Jadi jika kami melihat ada yang seperti itu, kami lempari
dengan petasan. Kami merasa bagai pahlawan yang menyelamatkan orang dari dosa.
Hahaha
Kembali dikejar, dan kami melarikan diri. Hingga kami lelah,
dan salah satu teman kami dari sekolah lain menemukan botol bekas minuman.
Ternyata kelelahan malah membuat otak kami semakin kreatif. Petasan dimasukkan
di dalam botol beling tersebut lalu dilempar. Bunyi yg dihasilkan benar-benar
dahsyat. Hingga kami tidak dapat melarikan diri lagi.....
Laporan disampaikan kepada Kepala Sekolah. Kembali mendapat
surat peringatan untuk kesekian kalinya.
Sayangnya, selembar kertas perjanjian tidak berotoriter atas
keinginan kami untuk iseng. Godaan untuk kembali main petasan. Akhirnya kami
berpindah lokasi.
Kami bermain petasan di sekolah. Ya! Kami meluangkan waktu
selepas berbuka puasa untuk bermain petasan di sekolah. Tapi kami melupakan
satu hal...
Sekolah kami selain favorit manusia, juga menjadi favorit
makhluk astral.
Dan perbuatan kami mengundang kemarahan makhluk-makhluk
tersebut.
Akhirnya, kesurupan masal.
Dan kami kembali menjadi terdakwa dalam kasus ini.
Kemarahan guru dan kepala sekolah sudah tidak terbendung
lagi.
Saya benar-benar ingat akan hal itu. Hari dimana saya
dipanggil ke ruang kepala sekolah.
Hari dimana saya, dan Fadli, diusir dari sekolah itu. Konyol
memang rasanya. Siswa SMA di DO dari sekolah karena main petasan. Terakhir kali
sekolah favorit ini mendepak siswanya, karena siswa tersebut membuat proposal
palsu yang nyaris saja menipu DIndikbud hingga berjuta-juta rupiah.
Itu kriminal. Tapi ini? Kenakalan Remaja? Kasus ini terlalu
remeh untuk digolongkan sebagai kenakalan remaja. Keisengan remaja tepatnya.
Ada banyak kakak kelas, teman seangkatan, adik kelas yang
perilakunya di luar lingkungan sekolah kelakuannya lebih parah dari kami. Rokok
dan miras sahabat mereka.
Ini hanya bermain PETASAN. Konyol kan?
Yah tapi bagaimanapun juga tetap saja kami yang bersalah.

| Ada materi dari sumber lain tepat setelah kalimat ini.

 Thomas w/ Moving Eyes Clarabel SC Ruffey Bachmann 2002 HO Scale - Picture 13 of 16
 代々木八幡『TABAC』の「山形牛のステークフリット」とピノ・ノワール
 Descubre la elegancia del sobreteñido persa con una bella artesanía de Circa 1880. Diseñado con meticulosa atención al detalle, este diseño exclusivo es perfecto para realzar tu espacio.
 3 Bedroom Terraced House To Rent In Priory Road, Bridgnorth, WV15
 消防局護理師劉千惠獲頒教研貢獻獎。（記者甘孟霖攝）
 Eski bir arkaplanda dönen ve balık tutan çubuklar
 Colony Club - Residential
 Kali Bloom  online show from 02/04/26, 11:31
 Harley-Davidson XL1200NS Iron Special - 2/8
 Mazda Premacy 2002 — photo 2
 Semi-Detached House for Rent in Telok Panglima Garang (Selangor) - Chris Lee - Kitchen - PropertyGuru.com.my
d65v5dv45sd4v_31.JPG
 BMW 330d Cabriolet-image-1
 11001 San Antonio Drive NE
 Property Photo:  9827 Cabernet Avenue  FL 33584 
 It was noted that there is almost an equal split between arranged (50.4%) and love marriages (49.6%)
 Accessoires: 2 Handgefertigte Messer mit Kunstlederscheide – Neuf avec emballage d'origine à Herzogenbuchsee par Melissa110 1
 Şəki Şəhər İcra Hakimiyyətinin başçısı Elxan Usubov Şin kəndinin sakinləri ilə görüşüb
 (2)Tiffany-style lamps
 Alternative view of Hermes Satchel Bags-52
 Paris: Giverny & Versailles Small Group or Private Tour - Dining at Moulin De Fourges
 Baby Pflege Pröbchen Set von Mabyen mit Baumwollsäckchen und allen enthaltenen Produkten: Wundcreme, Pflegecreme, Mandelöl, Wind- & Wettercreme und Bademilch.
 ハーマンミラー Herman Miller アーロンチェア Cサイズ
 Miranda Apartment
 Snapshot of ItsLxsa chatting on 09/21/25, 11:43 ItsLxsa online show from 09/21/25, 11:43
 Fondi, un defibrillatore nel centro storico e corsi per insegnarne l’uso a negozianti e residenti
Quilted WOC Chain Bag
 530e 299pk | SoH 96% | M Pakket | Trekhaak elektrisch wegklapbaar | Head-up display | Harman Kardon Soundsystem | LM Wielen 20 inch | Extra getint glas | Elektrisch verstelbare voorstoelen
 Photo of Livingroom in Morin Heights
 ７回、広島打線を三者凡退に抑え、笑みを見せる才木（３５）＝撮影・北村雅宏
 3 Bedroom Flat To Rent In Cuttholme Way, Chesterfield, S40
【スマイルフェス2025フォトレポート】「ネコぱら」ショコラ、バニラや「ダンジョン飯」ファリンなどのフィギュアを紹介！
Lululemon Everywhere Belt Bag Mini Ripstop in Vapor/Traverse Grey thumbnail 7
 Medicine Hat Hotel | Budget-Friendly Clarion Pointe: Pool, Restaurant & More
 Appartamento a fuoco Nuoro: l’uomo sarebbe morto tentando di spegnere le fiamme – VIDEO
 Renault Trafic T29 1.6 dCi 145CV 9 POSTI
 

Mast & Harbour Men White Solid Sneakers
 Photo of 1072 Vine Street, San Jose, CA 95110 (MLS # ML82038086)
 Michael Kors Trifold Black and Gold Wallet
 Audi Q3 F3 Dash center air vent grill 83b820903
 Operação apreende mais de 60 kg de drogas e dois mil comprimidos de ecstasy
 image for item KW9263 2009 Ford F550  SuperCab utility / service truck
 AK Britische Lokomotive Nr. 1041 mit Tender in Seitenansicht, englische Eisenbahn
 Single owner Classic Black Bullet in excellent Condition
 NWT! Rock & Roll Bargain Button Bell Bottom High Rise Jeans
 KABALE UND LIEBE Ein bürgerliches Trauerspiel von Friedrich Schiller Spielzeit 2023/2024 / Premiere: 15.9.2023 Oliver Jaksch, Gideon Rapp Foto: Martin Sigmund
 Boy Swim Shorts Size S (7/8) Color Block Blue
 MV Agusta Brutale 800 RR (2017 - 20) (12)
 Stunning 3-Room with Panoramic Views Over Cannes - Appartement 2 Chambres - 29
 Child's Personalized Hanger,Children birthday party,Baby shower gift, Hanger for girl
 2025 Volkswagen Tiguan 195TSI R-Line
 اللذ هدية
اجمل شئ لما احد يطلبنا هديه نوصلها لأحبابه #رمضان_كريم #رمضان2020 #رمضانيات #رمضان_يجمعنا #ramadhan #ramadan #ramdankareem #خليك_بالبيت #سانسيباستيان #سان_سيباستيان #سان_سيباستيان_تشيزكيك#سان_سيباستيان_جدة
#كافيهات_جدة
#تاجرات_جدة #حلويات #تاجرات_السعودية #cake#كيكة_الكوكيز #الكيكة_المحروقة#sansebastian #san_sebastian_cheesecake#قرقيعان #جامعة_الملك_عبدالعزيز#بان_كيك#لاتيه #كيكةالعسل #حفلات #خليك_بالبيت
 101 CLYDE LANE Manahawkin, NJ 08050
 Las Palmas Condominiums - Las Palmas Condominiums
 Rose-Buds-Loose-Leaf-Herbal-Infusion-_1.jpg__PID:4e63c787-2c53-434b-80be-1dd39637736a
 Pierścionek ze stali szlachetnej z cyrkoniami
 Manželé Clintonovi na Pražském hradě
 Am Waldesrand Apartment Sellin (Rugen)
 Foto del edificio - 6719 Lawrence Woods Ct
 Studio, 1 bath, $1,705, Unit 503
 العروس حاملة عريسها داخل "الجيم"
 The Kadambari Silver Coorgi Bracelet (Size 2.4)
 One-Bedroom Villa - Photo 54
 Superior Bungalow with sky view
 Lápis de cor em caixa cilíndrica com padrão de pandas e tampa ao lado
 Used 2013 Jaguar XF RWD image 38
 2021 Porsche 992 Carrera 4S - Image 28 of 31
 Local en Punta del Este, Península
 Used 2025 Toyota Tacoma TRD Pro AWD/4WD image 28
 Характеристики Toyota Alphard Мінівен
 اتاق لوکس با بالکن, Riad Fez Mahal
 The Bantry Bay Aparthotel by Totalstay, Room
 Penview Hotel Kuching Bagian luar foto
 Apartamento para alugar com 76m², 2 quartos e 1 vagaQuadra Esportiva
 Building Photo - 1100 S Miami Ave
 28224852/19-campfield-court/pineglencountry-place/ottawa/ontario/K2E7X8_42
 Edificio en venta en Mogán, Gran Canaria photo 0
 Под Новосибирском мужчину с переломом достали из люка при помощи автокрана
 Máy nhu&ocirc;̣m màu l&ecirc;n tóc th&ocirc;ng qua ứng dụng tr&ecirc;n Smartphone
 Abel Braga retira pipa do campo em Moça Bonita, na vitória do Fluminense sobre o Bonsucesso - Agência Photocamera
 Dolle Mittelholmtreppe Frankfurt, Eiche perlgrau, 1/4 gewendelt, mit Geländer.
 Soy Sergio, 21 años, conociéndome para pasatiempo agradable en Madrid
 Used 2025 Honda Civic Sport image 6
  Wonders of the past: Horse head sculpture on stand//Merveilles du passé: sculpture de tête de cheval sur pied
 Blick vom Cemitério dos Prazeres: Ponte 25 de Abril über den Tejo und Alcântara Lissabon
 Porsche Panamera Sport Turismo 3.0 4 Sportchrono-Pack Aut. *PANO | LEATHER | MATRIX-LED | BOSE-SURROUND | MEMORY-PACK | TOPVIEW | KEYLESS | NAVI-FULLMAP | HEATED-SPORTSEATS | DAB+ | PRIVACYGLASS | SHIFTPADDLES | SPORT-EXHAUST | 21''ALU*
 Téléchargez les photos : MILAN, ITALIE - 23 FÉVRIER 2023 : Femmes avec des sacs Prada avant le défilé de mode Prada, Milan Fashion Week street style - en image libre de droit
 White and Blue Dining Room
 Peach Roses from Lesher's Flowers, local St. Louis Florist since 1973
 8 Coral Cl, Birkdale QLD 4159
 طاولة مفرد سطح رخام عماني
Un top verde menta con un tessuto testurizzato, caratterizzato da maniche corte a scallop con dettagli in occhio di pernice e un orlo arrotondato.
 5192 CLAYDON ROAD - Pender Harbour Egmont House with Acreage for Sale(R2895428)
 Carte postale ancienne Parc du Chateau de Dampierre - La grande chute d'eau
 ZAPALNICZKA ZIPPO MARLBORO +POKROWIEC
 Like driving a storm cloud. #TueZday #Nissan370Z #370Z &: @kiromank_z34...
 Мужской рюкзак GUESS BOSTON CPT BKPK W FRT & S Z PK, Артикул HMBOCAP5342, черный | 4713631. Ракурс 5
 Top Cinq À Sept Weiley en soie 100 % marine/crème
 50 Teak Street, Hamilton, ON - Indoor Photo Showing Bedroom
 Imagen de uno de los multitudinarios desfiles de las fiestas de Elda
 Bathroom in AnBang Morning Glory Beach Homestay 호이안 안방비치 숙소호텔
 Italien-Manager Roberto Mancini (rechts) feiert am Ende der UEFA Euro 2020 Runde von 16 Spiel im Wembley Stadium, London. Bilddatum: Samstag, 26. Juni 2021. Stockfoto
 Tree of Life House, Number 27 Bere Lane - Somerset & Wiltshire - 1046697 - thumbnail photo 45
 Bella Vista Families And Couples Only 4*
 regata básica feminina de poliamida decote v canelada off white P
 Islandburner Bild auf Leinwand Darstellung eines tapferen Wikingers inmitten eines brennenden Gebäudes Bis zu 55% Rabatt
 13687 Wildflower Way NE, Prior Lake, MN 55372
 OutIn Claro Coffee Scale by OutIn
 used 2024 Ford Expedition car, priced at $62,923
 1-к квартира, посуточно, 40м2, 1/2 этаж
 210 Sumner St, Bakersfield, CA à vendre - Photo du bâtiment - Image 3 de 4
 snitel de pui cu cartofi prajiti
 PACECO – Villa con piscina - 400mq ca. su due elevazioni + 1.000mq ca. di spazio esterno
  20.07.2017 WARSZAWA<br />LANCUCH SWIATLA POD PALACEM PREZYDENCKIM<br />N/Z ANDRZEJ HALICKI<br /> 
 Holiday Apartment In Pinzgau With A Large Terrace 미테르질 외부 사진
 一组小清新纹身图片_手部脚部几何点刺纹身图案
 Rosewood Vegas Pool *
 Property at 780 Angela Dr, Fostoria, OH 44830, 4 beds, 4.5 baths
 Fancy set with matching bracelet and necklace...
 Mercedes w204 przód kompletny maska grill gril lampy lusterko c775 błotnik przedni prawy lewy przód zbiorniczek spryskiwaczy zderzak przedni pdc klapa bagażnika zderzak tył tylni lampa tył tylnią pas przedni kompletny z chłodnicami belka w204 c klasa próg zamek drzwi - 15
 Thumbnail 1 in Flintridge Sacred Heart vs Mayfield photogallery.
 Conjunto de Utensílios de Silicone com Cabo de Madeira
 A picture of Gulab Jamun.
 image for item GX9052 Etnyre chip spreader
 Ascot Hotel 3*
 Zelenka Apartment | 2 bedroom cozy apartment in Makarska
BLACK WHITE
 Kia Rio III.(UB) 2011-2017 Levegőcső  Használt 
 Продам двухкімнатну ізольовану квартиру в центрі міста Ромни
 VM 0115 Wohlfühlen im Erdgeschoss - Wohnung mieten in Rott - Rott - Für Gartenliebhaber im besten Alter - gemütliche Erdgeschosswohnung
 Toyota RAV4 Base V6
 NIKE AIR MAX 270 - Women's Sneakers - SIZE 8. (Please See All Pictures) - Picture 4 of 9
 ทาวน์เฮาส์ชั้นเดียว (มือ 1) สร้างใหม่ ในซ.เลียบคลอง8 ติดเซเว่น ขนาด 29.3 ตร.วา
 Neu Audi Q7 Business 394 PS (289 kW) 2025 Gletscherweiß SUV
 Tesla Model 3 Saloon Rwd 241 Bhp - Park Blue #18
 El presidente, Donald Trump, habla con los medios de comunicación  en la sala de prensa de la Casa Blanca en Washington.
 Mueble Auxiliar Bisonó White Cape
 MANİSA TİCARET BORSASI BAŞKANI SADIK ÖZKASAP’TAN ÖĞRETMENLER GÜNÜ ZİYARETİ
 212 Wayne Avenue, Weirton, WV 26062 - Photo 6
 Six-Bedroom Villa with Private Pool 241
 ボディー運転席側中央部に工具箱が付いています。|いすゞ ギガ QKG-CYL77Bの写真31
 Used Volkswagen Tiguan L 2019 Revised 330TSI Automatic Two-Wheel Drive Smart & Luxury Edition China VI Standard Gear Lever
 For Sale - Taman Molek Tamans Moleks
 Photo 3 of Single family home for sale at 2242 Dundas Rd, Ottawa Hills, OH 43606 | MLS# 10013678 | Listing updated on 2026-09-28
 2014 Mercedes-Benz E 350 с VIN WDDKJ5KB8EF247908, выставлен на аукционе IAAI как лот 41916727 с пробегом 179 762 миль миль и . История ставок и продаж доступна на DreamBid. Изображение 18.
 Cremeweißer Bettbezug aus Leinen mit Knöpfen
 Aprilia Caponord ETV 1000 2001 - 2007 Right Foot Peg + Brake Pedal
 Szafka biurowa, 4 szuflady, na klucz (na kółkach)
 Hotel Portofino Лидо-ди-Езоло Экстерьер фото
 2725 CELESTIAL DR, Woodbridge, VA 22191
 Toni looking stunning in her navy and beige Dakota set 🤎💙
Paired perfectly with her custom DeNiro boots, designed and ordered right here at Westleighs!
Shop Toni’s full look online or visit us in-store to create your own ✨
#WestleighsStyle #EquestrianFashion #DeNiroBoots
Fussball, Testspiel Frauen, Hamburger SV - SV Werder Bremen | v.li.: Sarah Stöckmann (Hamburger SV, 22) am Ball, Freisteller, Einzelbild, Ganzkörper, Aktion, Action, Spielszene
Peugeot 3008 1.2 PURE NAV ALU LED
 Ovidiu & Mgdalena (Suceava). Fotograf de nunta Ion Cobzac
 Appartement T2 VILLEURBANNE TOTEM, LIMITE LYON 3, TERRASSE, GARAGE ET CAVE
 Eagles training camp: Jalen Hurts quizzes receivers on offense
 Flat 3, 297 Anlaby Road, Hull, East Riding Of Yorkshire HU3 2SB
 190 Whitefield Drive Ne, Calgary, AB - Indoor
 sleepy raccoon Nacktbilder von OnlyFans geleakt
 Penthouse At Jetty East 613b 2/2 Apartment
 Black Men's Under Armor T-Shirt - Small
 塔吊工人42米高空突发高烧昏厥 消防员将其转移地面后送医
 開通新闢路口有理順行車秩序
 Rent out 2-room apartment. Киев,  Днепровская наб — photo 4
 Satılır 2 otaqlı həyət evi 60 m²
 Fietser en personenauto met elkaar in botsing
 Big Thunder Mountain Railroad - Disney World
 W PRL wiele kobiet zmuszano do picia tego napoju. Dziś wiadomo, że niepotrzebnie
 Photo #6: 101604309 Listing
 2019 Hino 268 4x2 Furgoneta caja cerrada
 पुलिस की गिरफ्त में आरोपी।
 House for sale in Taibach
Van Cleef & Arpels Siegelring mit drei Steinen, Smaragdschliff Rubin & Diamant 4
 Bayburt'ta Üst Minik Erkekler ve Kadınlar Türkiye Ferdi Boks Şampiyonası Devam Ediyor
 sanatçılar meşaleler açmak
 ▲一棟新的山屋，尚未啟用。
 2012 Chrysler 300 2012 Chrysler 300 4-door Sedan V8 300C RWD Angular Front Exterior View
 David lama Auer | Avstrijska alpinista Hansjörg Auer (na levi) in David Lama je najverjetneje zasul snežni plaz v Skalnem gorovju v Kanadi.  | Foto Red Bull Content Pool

Fadli menerima saja keputusan itu. Ia langsung mengurus
kepindahannya ke sekolah lain.
Tapi saya tidak. Saya malu. Kecewa pada diri sendiri. Kecewa
karena bukannya membanggakan orang tua, malah menorehkan malu di wajah mereka.
Dari kejadian itulah saya melihat. Bahwa orang tua,
keluarga, adalah orang-orang yang tetap mengasihi saya, apapun yang telah saya
lakukan. Bahkan disaat saya diusir dari sekolah, Ayah saya tetap jaid orang
yang terus melindungi saya dan men-support saya.
Atas jasa seorang anggota legislatif, saya kembali diberi
kesempatan untuk melanjutkan di sekolah saya. Saya tidak akan melupakan jasa
Anda, Pak.
Kehilangan seorang sahabat. Dicap berandalan. Dimusuhi guru.
Dianggap tak ada saat dalam kelas. Menjadi bulan-bulanan guru baik di kelas
maupun di muka umum. Saya mengalami itu semua.
Tapi sakit yang saya alami waktu itu, tidak menjatuhkan
saya.. Malah membuat sebuah tekad dalam hati saya. Saya akan membuktikan bahwa
saya tidak seburuk yang guru-guru anggap. Saya juga ingin membuktikan bahwa
“nakal” dan “jahat” adalah dua hal yang berbeda.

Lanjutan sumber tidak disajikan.